La Música en la Iglesia Católica Romana

Reflexiones con motivo de la visita papal a los Estados Unidos de América en Abril del 2008

Por Dr. Rafael Rodríguez Chalas

www.musicamen.com

Un breve vistazo a la amplia cobertura que los medios de comunicación ofrecieron con motivo de la visita papal de Benedicto XVI a los Estados Unidos en Abril del 2008, subraya el importante papel que desempeña la música en las ceremonias de la Iglesia Católica Romana. He aquí algunos ejemplos,

“Las gradas se llenaron progresivamente a primeras horas de la mañana, mucho antes de la llegada del Papa y bajo un sol primaveral, mientras coros, orquestas y grupos musicales animaban a los asistentes con música religiosa.
Cuatro coros integrados por 570 personas cantarán en la misa en 12 idiomas: inglés, francés, alemán, griego, hebreo, coreano, latín, portugués, filipino, español, vietnamita y zulú.” (1)

“La canción “Ven, Espíritu Santo”, del compositor salvadoreño Jaime Benjamín Cortez, fue interpretada como ofertorio en la misa que ofreció el Papa Benedicto XVI en Washington, el pasado 17 de abril.” (2)

“En un evento en el que se mezclarán experiencia religiosa y festival de rock, algunos de los grupos más importantes de la música cristiana se presentarán el sábado como parte de la visita del Papa Benedicto XVI a Estados Unidos.” (3)”

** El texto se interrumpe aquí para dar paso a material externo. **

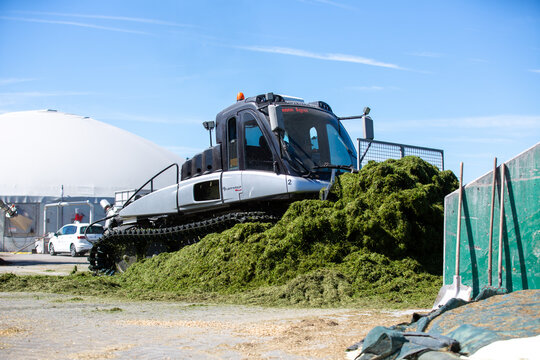 BAVARIA / GERMANY - AUGUST 20, 2020: Prinoth Leitwolf snowcat prepares the silage for the biogas plant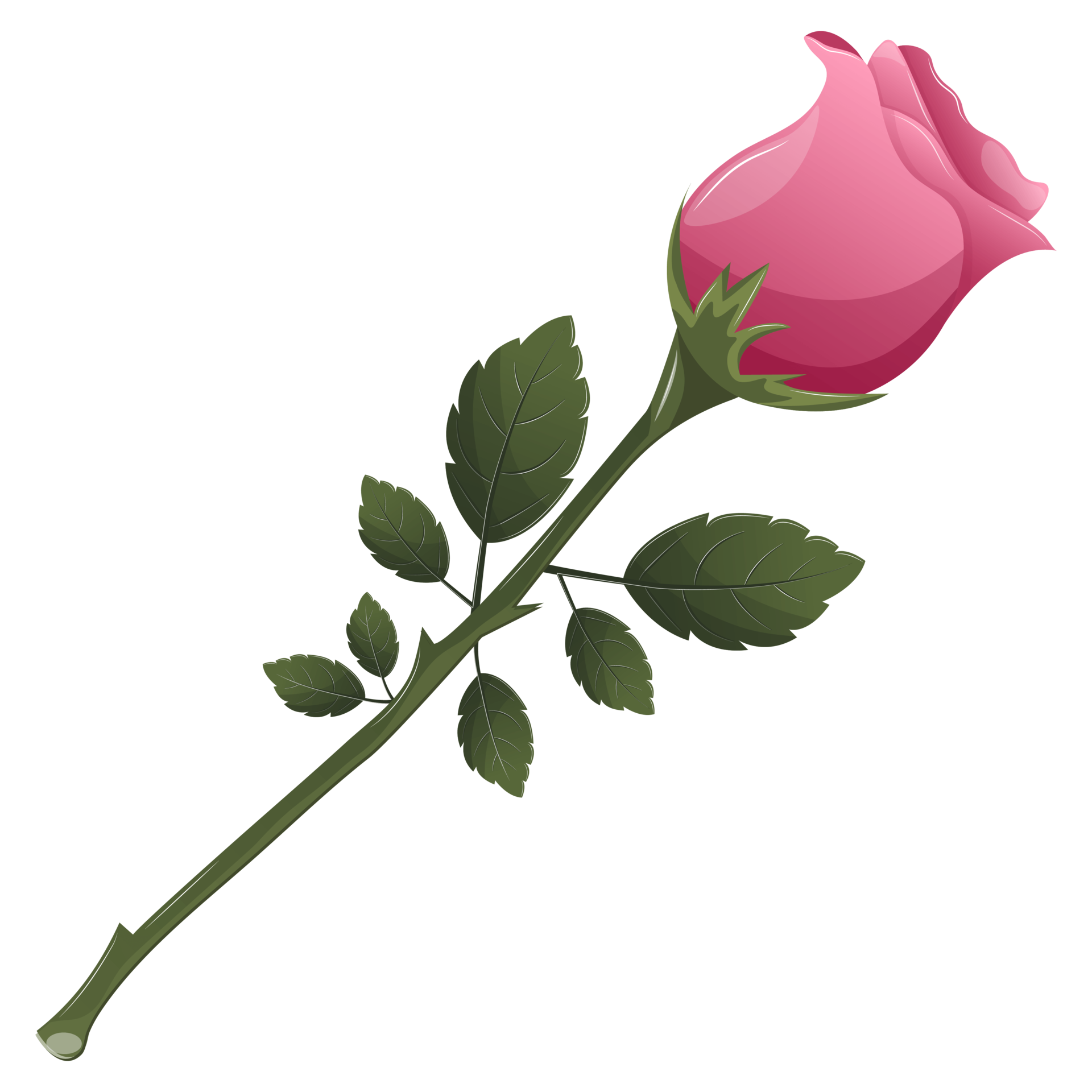 Animated Pink Flowers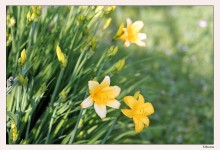 Lilien / ***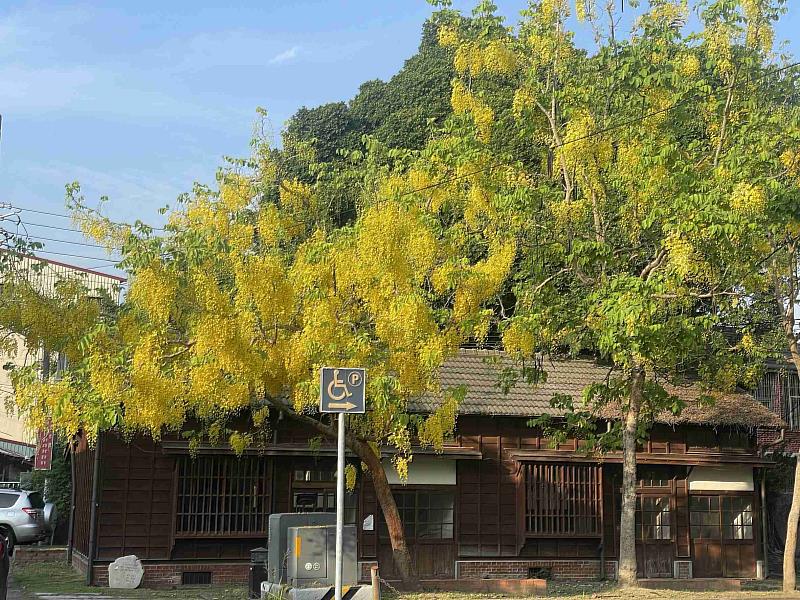 嘉義阿勃勒盛開 2處最美黃金雨賞花點大公開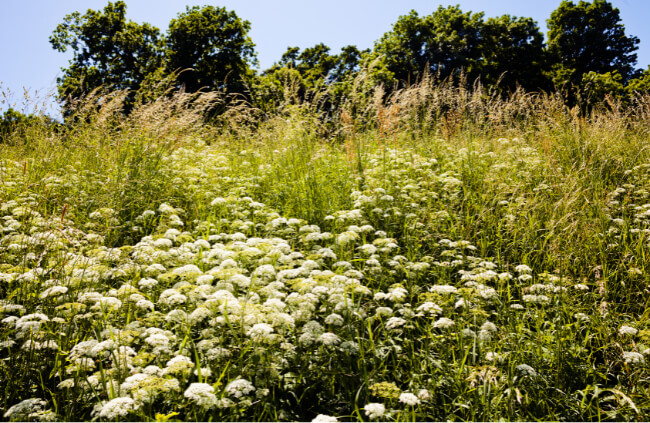 How to Grow Queen Anne’s Lace in Australia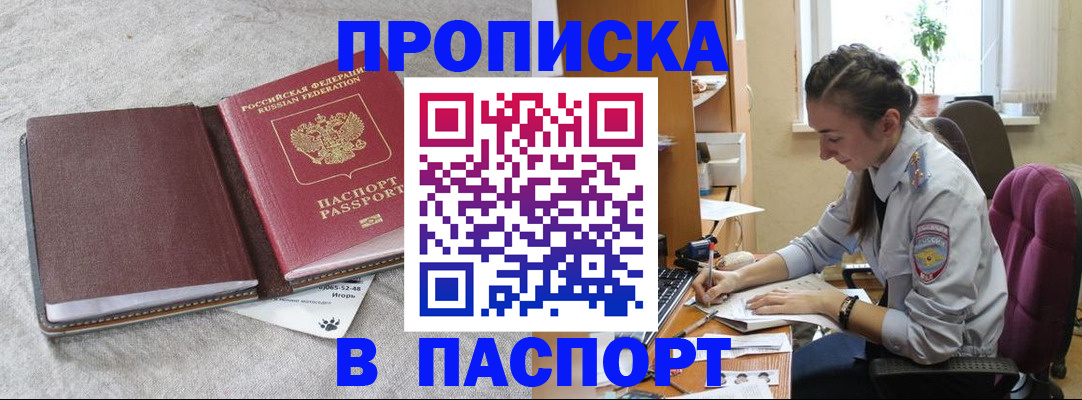 где прописаться в Светлогорске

Además, como parte de esta cobertura noticiosa la prensa nos informó que Benedicto XVI es un experto pianista y que su compositor favorito es Mozart. También es bien conocida su preferencia por el uso de música tradicional en la liturgia de la Iglesia Católica Romana (ICR). Sin embargo, los estilos musicales ejecutados en misas y otras actividades que celebraron su visita no se limitaron a los estilos favoritos del papa, como lo atestiguan las notas de prensa más arriba citadas.

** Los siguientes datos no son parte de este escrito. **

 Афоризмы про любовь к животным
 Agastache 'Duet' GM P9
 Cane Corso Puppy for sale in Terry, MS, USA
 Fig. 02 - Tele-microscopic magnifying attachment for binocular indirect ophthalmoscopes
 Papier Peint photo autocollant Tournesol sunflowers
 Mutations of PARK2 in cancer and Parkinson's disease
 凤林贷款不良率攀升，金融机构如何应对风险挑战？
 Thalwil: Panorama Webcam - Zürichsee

En otro aspecto, el esplendor de las ceremonias puso en evidencia que la liturgia romana no tiene igual cuando se trata de captar la atención de las grandes masas. Elena G. de White, al describir la liturgia de la ICR dice lo siguiente,

“El culto de la iglesia romana es un ceremonial que impresiona profundamente. Lo brillante de sus ostentaciones y la solemnidad de sus ritos fascinan los sentidos del pueblo y acallan la voz de la razón y de la conciencia. Todo encanta a la vista. Sus soberbias iglesias, sus procesiones imponentes, sus altares de oro, sus relicarios de joyas, sus pinturas escogidas y sus exquisitas esculturas, todo apela al amor de la belleza. Al oído también se le cautiva. Su música no tiene igual. Los graves acordes del órgano poderoso, unidos a la melodía de numerosas voces que resuenan y repercuten por entre las elevadas naves y columnas de sus grandes catedrales, no pueden dejar de producir en los espíritus impresiones de respeto y reverencia.” Seguridad y Paz en el Conflicto de los Siglos, Pág. 623.

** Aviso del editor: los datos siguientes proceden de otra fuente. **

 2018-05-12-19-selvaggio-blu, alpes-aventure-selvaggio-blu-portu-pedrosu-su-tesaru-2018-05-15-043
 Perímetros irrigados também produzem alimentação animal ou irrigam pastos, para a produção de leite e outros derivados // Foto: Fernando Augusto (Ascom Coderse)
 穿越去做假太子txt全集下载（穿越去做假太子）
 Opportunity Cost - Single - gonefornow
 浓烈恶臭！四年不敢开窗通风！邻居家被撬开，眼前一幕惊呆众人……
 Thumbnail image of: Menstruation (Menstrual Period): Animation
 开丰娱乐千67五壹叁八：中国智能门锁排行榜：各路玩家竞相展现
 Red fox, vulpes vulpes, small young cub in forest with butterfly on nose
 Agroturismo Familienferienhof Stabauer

¿Por qué razón la música es un elemento tan importante en las ceremonias católicas? Para un trasfondo de la función e importancia de la música en la liturgia católica veamos la Enciclopedia Católica:

“La calurosa y solemne dignidad del culto Católico no tiene nada en común con la pálida fragilidad de los servicios Protestantes…El Papa Pío X ha admirablemente establecido la relación entre la liturgia de la Iglesia y la música ella emplea (sic). “Ella sirve para aumentar el decor et splendor de las ceremonias eclesiásticas”, no como algo accidental que puede o no estar presente, tal cual como las decoraciones en un edificio, la exhibición de luces, el numero de ministerios, pero “como una parte integrante de la liturgia solemne”, tanto que estas funciones litúrgicas no pueden tener lugar si el canto falta.” (4)

De acuerdo con esta cita, la música en la liturgia católica no es opcional o decorativa, sino parte integral del culto. ¿Cómo definir la gran mayoría de las presentaciones musicales de las cuales la prensa se hizo eco durante la visita de Benedicto XVI y cuál sería su función? la Enciclopedia Católica sigue diciendo,

“Como ha sido ya señalado, la música en las funciones litúrgicas es una integrante y no una pura parte ornamental de esta, mientras que en funciones extra litúrgicas es de un todo secundario y accidental, nunca impuesto por la ceremonia, y su principal propósito es el de entretener devotamente a la feligresía en la Iglesia o para proporcionarles una relajación espiritual placentera luego de la prolongada tensión de un sermón, o cualquiera otra oración que ellos hayan estado recitando juntos. Por lo tanto el estilo de música extra litúrgica es susceptible a una mayor libertad, sin embargo entre tales límites demandados por el respecto a la casa de Dios y la santidad de las oraciones que ellos acompañan.” (Ibid.)

Según la Enciclopedia Católica la música extra-litúrgica no es parte integral u obligada del culto y su función primordial es “entretener devotamente” o relajar a los feligreses después del ceremonial. Siendo que la Enciclopedia Católica identifica dos tipos de música (litúrgica y extra-litúrgica) normalmente asociadas con el culto católico, específicamente ¿cómo se define la música litúrgica?

“La música vocal es el estilo más correcto de música litúrgica, desde que ella por si sola ha sido siempre reconocida como la música propia de la Iglesia, ella por si sola entra en contacto directo con el significado el texto litúrgico, viste al texto con melodía, y le expone al entendimiento de las gentes. Ahora bien, considerando que la música vocal puede ser bien sea ejecutada de manera sencilla o polifónica, la verdadera música litúrgica, música toda ella es indispensable en la celebración de la liturgia solemne, es el canto sencillo, y por lo tanto, en la Iglesia Católica, es el canto Gregoriano.” (Ibid.)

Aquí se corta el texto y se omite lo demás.